Date: Wed, 28 Sep 2016 11:39:25 -0400 [thread overview]
Message-ID: <20160928153925.GA24966@cmpxchg.org> (raw)
In-Reply-To: <8c3b7dd8-ef6f-6666-2f60-8168d41202cf@suse.cz>
Hi Vlastimil,
On Wed, Sep 28, 2016 at 11:00:15AM +0200, Vlastimil Babka wrote:
> On 09/28/2016 03:41 AM, Johannes Weiner wrote:
> > Hi guys,
> >
> > we noticed what looks like a regression in page mobility grouping
> > during an upgrade from 3.10 to 4.0. Identical machines, workloads, and
> > uptime, but /proc/pagetypeinfo on 3.10 looks like this:
> >
> > Number of blocks type Unmovable Reclaimable Movable Reserve Isolate
> > Node 1, zone Normal 815 433 31518 2 0
> >
> > and on 4.0 like this:
> >
> > Number of blocks type Unmovable Reclaimable Movable Reserve CMA Isolate
> > Node 1, zone Normal 3880 3530 25356 2 0 0
>
> It's worth to keep in mind that this doesn't reflect where the actual
> unmovable pages reside. It might be that in 3.10 they are spread within
> the movable pages. IIRC enabling page_owner (not sure if in 4.0, there
> were some later fixes I think) can augment pagetypeinfo with at least
> some statistics of polluted pageblocks.
Thanks, I'll look at the mixed block counts. I failed to make clear,
we saw that issue in the switch from 3.10 to 4.0, and I mentioned
those two kernels as last known good / first known bad. But later
kernels - we tried with 4.6 - look the same. This appears to be a
regression in (higher-order) allocation service quality somewhere
after 3.10 that persists into current kernels.
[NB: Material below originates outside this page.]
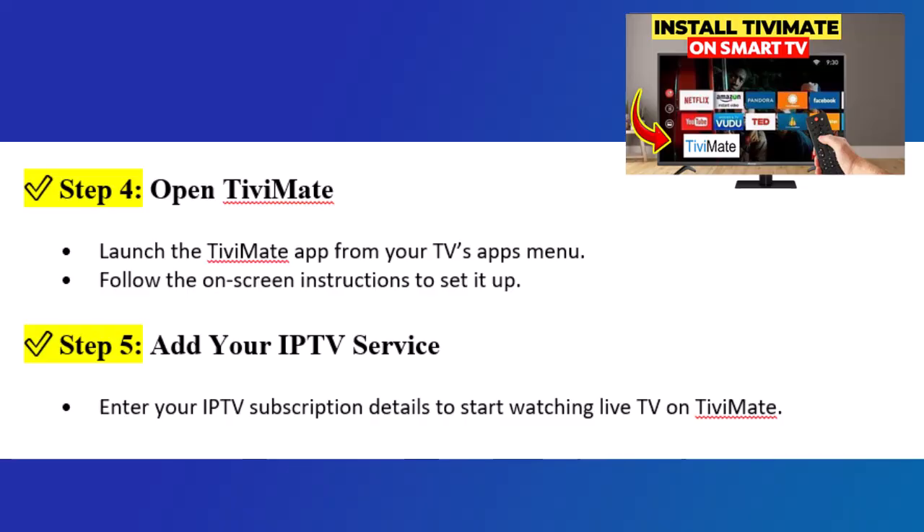Step 5: Add your IPTV service. Enter your IPTV subscription details to start watching live TV on TVMate.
> Does e.g. /proc/meminfo suggest how much unmovable/reclaimable memory
> there should be allocated and if it would fill the respective
> pageblocks, or if they are poorly utilized?
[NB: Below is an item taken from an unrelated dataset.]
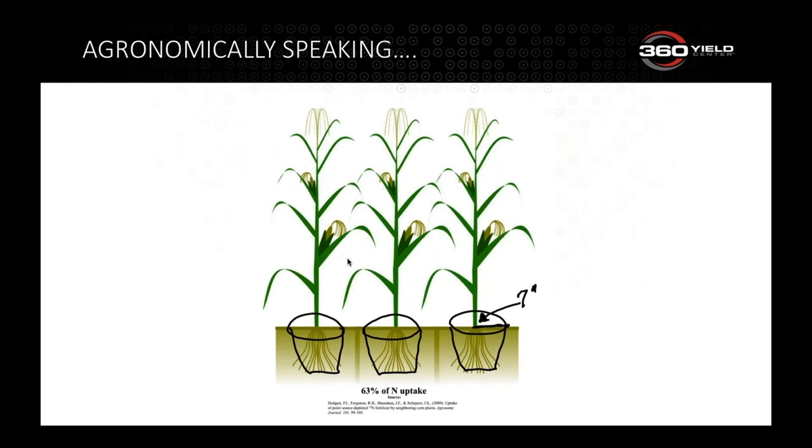Talking agronomically, we often apply nutrients backwards of what they require. We broadcast our P and K, which are fairly immobile in the soil, and inject nitrogen a little ways away from the plant. Corn effectively lives in a flower pot — six to seven inches from the stalk's radius — so a 12 to 14 inch flower pot is where the majority of roots and uptake are happening.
They are very poorly utilized. On a machine with 90% anon/cache pages
alone we saw 50% of the page blocks unmovable.
> > 4.0 is either polluting pageblocks more aggressively at allocation, or
> > is not able to make pageblocks movable again when the reclaimable and
> > unmovable allocations are released. Invoking compaction manually
> > (/proc/sys/vm/compact_memory) is not bringing them back, either.
> >
> > The problem we are debugging is that these machines have a very high
> > rate of order-3 allocations (fdtable during fork, network rx), and
> > after the upgrade allocstalls have increased dramatically. I'm not
> > entirely sure this is the same issue, since even order-0 allocations
> > are struggling, but the mobility grouping in itself looks problematic.
> >
> > I'm still going through the changes relevant to mobility grouping in
> > that timeframe, but if this rings a bell for anyone, it would help. I
> > hate blaming random patches, but these caught my eye:
> >
> > 9c0415e mm: more aggressive page stealing for UNMOVABLE allocations
> > 3a1086f mm: always steal split buddies in fallback allocations
> > 99592d5 mm: when stealing freepages, also take pages created by splitting buddy page
>
> Check also the changelogs for mentions of earlier commits, e.g. 99592d5
> should be restoring behavior that changed in 3.12-3.13 and you are
> upgrading from 3.10.
Good point.
> > The changelog states that by aggressively stealing split buddy pages
> > during a fallback allocation we avoid subsequent stealing. But since
> > there are generally more movable/reclaimable pages available, and so
> > less falling back and stealing freepages on behalf of movable, won't
> > this mean that we could expect exactly that result - growing numbers
> > of unmovable blocks, while rarely stealing them back in movable alloc
> > fallbacks? And the expansion of !MOVABLE blocks would over time make
> > compaction less and less effective too, seeing as it doesn't consider
> > anything !MOVABLE suitable migration targets?
>
> Yeah this is an issue with compaction that was brought up recently and I
> want to tackle next.
Agreed, it would be nice if compaction could reclaim unmovable and
reclaimable blocks whose polluting allocations have since been freed.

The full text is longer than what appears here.